Records provided:
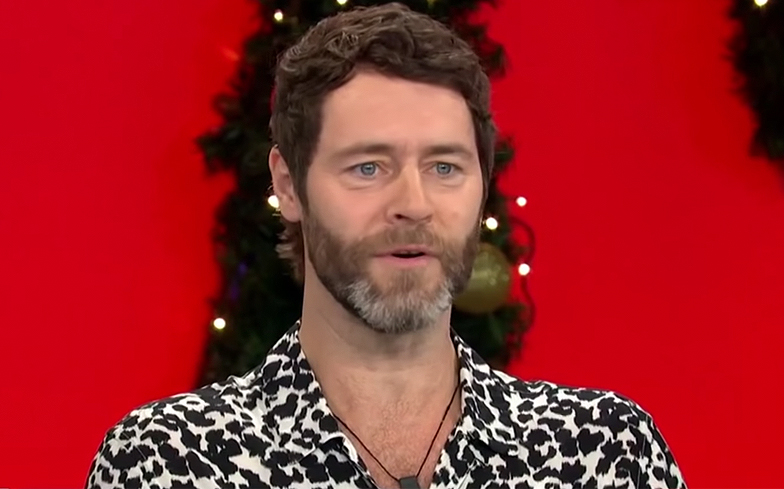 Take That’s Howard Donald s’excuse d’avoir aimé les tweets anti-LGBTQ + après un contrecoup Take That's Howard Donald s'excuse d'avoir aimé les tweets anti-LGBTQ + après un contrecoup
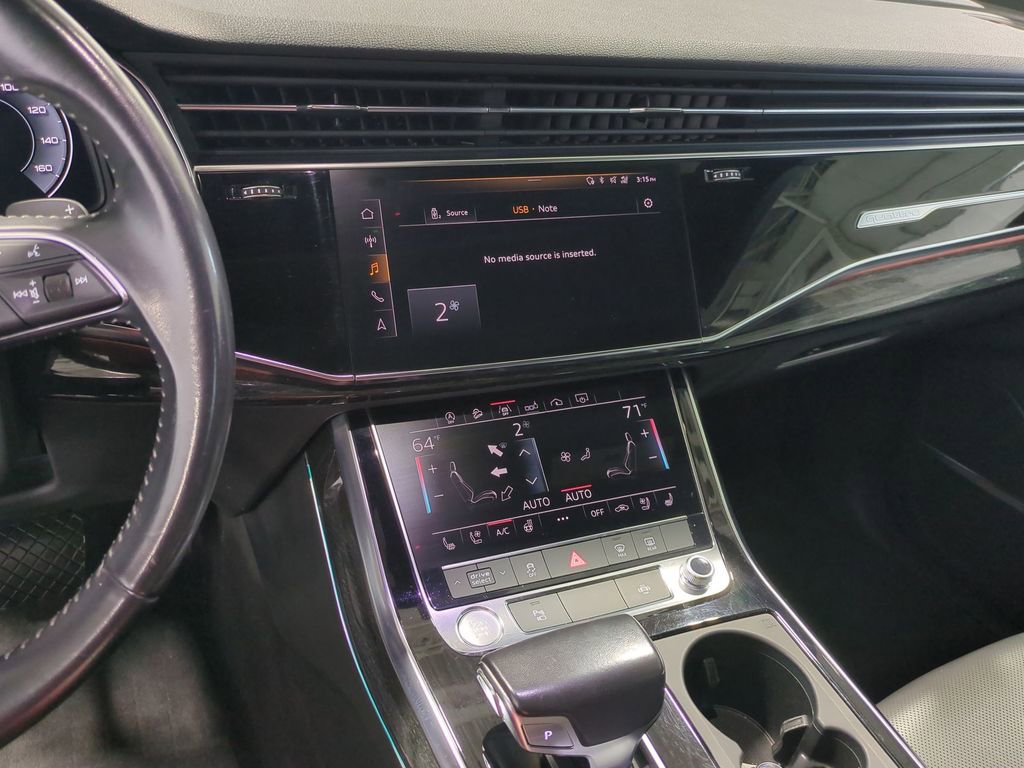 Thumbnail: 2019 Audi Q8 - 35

==

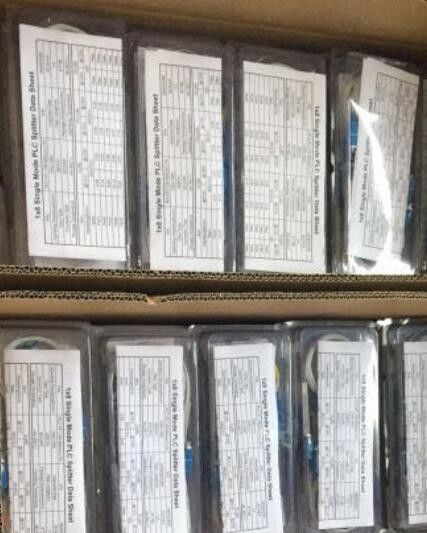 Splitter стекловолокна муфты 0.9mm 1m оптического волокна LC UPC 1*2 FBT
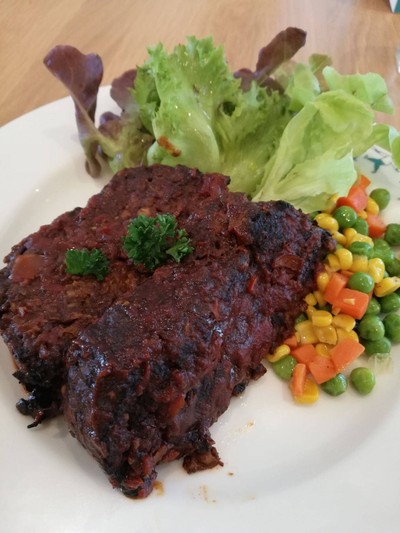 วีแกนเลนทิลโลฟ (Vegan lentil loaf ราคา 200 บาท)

...

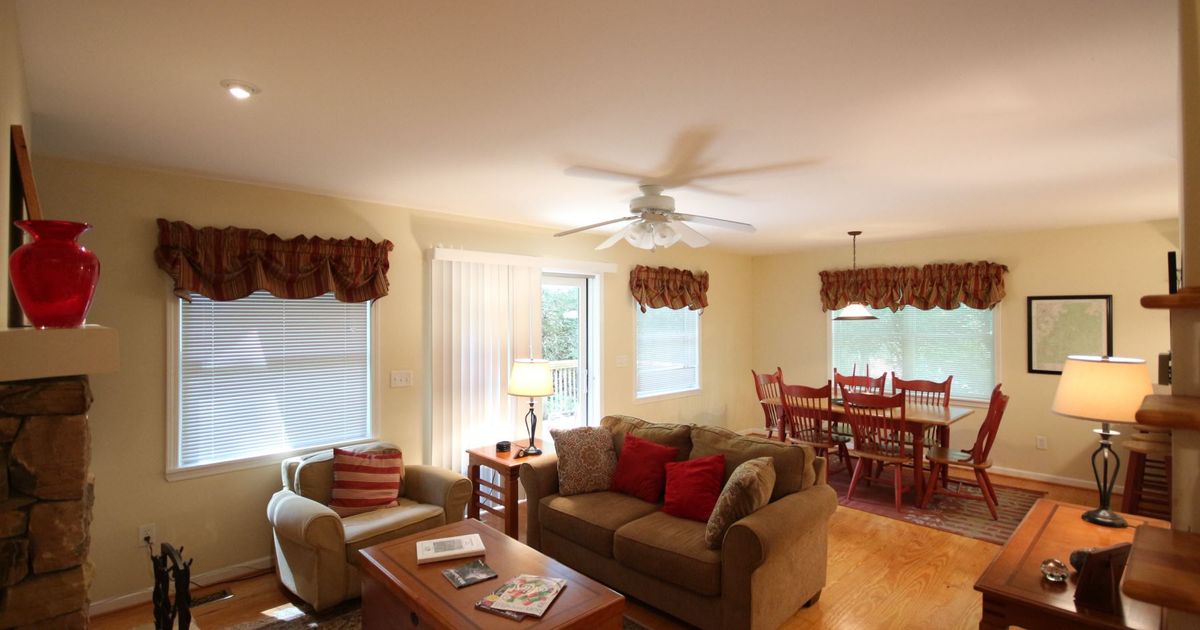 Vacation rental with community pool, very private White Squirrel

Try it:
Repeat, without pictures, exactly the lines of the data above from the one containing "Take That’s Howard" through the one containing "Thumbnail: 2019 Audi Q8 - 35", including both and adding nothing.

Written answer:
 Take That’s Howard Donald s’excuse d’avoir aimé les tweets anti-LGBTQ + après un contrecoup Take That's Howard Donald s'excuse d'avoir aimé les tweets anti-LGBTQ + après un contrecoup
 Thumbnail: 2019 Audi Q8 - 35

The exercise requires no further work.